Given entries

--- --- ---

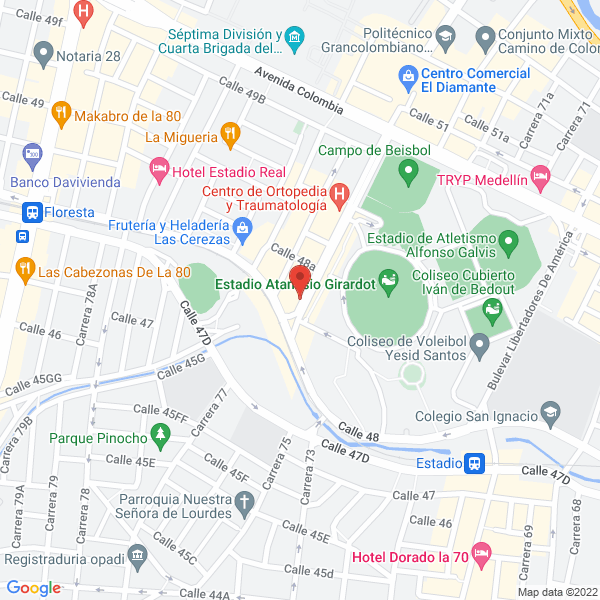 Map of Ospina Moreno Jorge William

--- --- ---

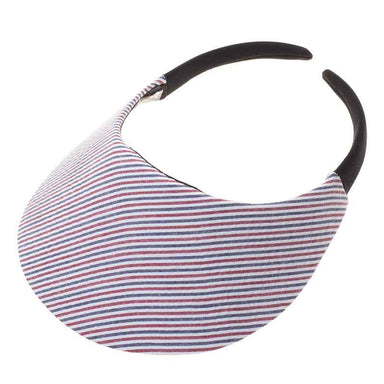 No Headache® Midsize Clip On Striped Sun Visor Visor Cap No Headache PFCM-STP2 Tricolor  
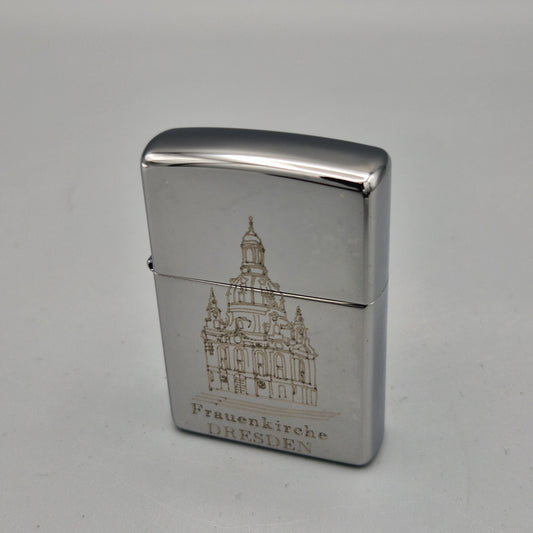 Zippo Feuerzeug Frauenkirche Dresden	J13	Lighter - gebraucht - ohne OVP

--- --- ---

Activity
Return exactly the lines that appear in the data above between the line containing "No Headache® Midsize" and the line containing "Zippo Feuerzeug Frauenkirche", both of which are included, and leave the pictures out.

Output of the task
 No Headache® Midsize Clip On Striped Sun Visor Visor Cap No Headache PFCM-STP2 Tricolor  
 Zippo Feuerzeug Frauenkirche Dresden	J13	Lighter - gebraucht - ohne OVP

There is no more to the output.